Due to legal and regulatory rules and limitations imposed domestically or by certain countries in which securities in the Underlying Index trade, the Fund may not be able to invest in all securities included in the Underlying Index. The Fund may exclude certain securities included in the Underlying Index that are traded in certain countries due to issues such as trading restrictions, cost or liquidity constraints. For tax efficiency purposes, the Fund may sell certain securities to realize losses, causing it to deviate from the Underlying Index.
The Fund may not be fully invested at times, either as a result of cash flows into the Fund or reserves of cash held by the Fund to meet redemptions and expenses. If the Fund utilizes a sampling approach or otherwise does not hold all of the securities in the Underlying Index, its return may not correlate as well with the return on the Underlying Index, as would be the case if it purchased all of the securities in the Underlying Index with the same weightings as the Underlying Index.
To the extent the Fund calculates its NAV based on fair value prices and the value of the Underlying Index is based on securities closing prices on local foreign markets, (i.e. the value of the Underlying Index is not based on fair value prices) or the Fund otherwise calculates its NAV based on prices that differ from those used in calculating the Underlying Index, the Fund’s ability to track the Underlying Index may be adversely affected.
Replication Management Risk. Unlike many investment companies, the Fund is not "actively" managed. Therefore, it would not necessarily sell a security because the security's issuer was in financial trouble unless that security is removed from the Underlying Index.
Issuer-Specific Changes. The value of an individual security or particular type of security can be more volatile than the market as a whole and can perform differently from the value of the market as a whole.
Underlying Sector Risk. The Fund will be exposed to the additional risks associated with its investments in companies of each GICS sector of the Underlying Index. For more on these risks, see "Risks of Underlying Sectors" in this Prospectus.

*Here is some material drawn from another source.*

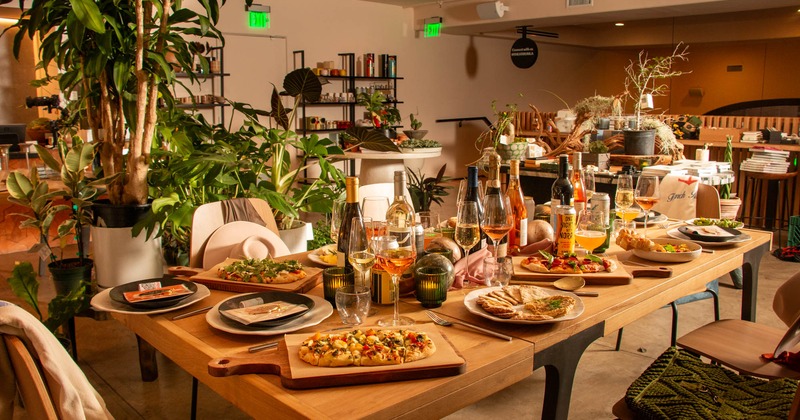 Interior, a long wooden table laden with various dishes and multiple bottles of wine and glasses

High Dividend Yield Style Risk. While the Fund may hold securities of companies that have historically paid a high dividend yield, those companies may reduce or discontinue their dividends, thus reducing the yield of the Fund. Low priced securities in the Fund may be more susceptible to these risks. Past dividend payments are not a guarantee of future dividend payments. Also, the market return of high dividend yield securities, in certain market conditions, may be worse than the market return of other investment strategies or the overall stock market.